• **What you are asked to do**
Pictures excluded, output the lines of the data below between the one holding "Πανσιόν Evelin Deluxe House" and the one holding "Pompeii, excavations in", inclusive, exactly as they stand.

• **Records shown**
-*-*-

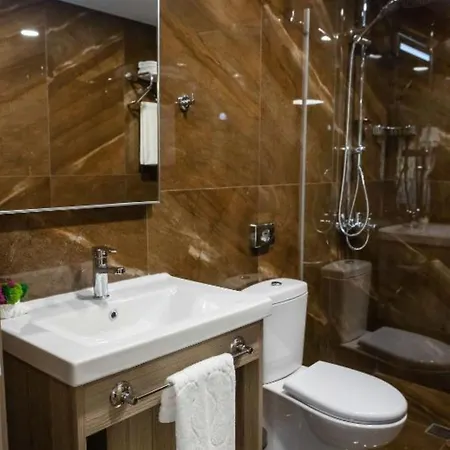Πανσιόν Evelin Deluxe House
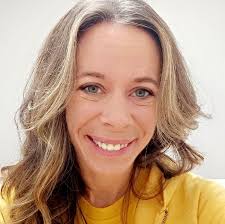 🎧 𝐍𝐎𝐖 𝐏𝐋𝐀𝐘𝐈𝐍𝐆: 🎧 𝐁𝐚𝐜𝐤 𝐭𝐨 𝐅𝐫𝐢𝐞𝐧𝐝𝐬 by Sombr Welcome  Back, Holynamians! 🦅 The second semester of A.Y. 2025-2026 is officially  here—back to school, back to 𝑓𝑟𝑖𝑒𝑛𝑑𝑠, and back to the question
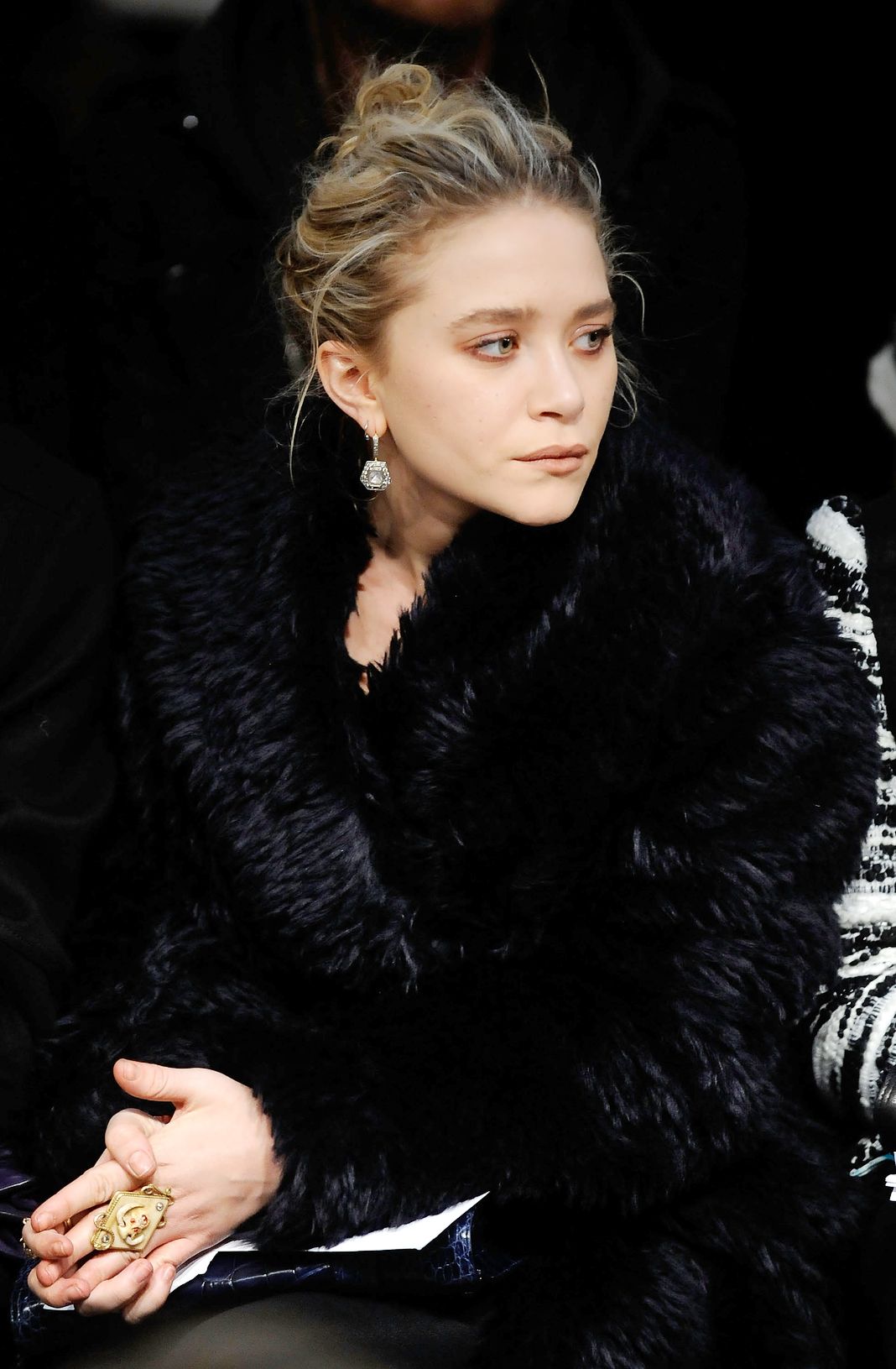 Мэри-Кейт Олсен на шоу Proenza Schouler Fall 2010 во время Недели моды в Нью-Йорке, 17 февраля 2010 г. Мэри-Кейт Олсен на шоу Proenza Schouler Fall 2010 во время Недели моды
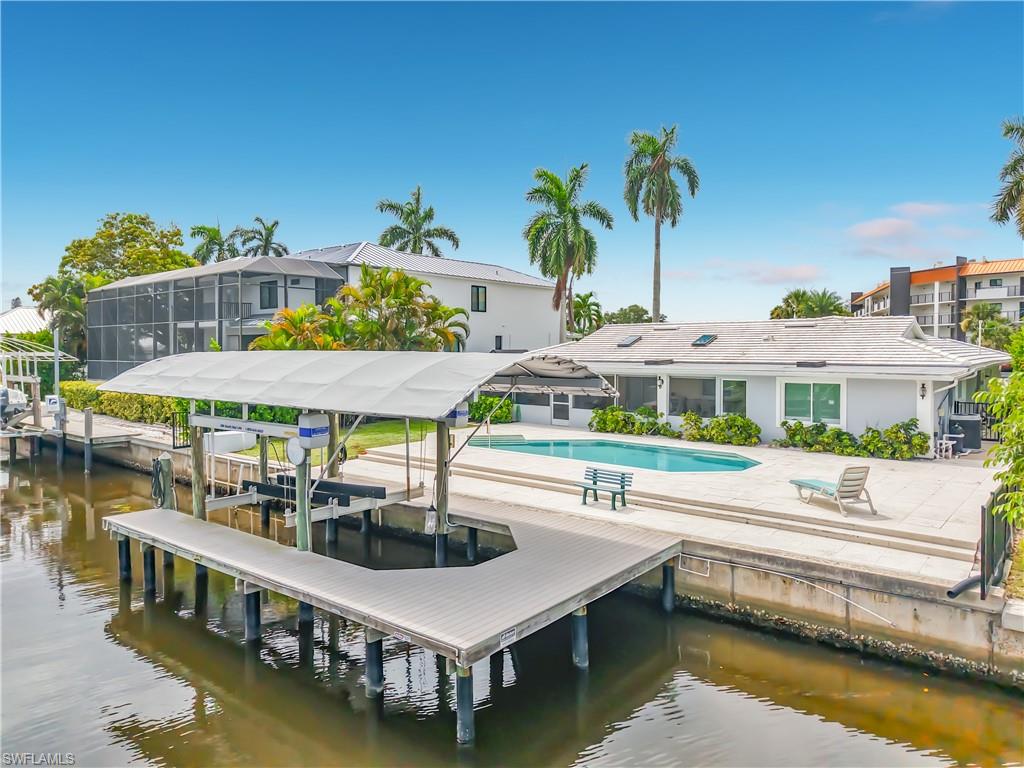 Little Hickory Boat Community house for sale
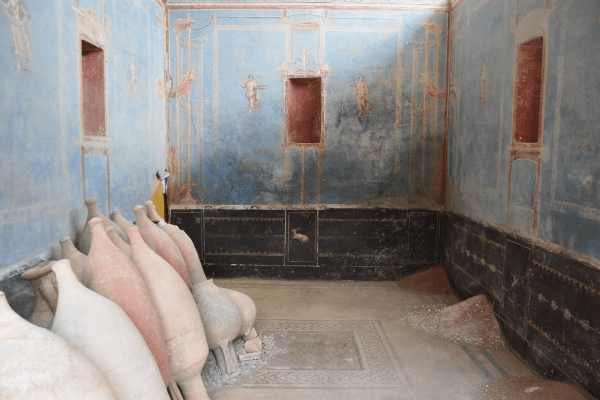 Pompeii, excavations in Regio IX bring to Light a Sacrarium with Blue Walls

-*-*-

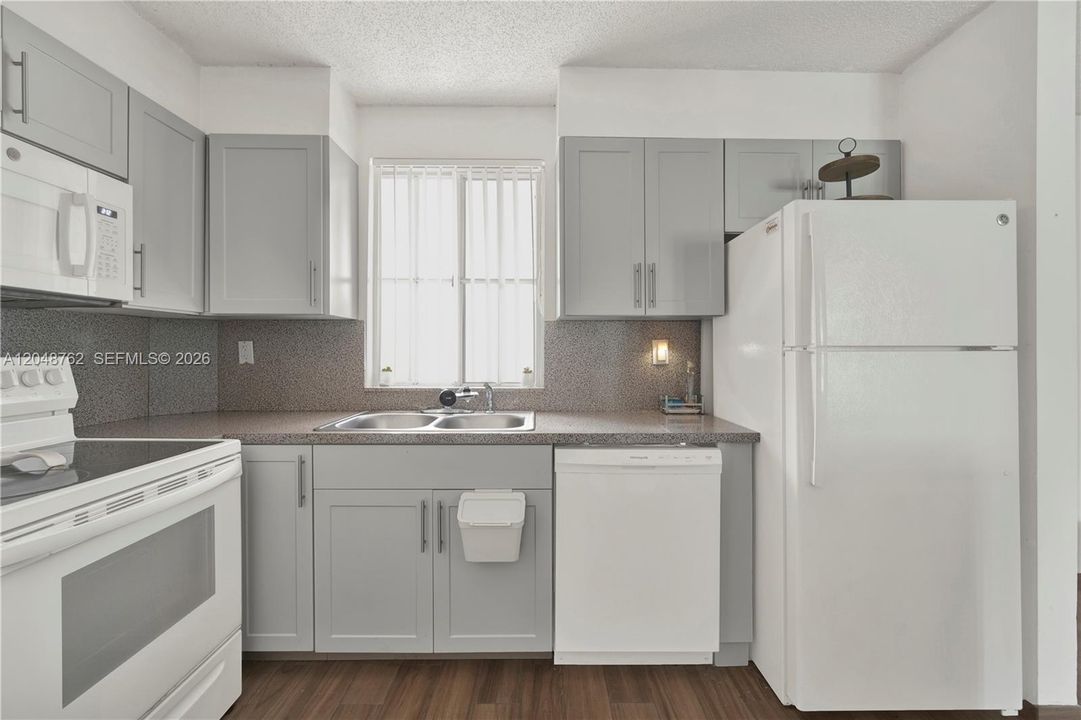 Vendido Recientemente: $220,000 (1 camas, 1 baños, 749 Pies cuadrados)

-*-*-

• **Solution below**
Πανσιόν Evelin Deluxe House
 🎧 𝐍𝐎𝐖 𝐏𝐋𝐀𝐘𝐈𝐍𝐆: 🎧 𝐁𝐚𝐜𝐤 𝐭𝐨 𝐅𝐫𝐢𝐞𝐧𝐝𝐬 by Sombr Welcome  Back, Holynamians! 🦅 The second semester of A.Y. 2025-2026 is officially  here—back to school, back to 𝑓𝑟𝑖𝑒𝑛𝑑𝑠, and back to the question
 Мэри-Кейт Олсен на шоу Proenza Schouler Fall 2010 во время Недели моды в Нью-Йорке, 17 февраля 2010 г. Мэри-Кейт Олсен на шоу Proenza Schouler Fall 2010 во время Недели моды
 Little Hickory Boat Community house for sale
 Pompeii, excavations in Regio IX bring to Light a Sacrarium with Blue Walls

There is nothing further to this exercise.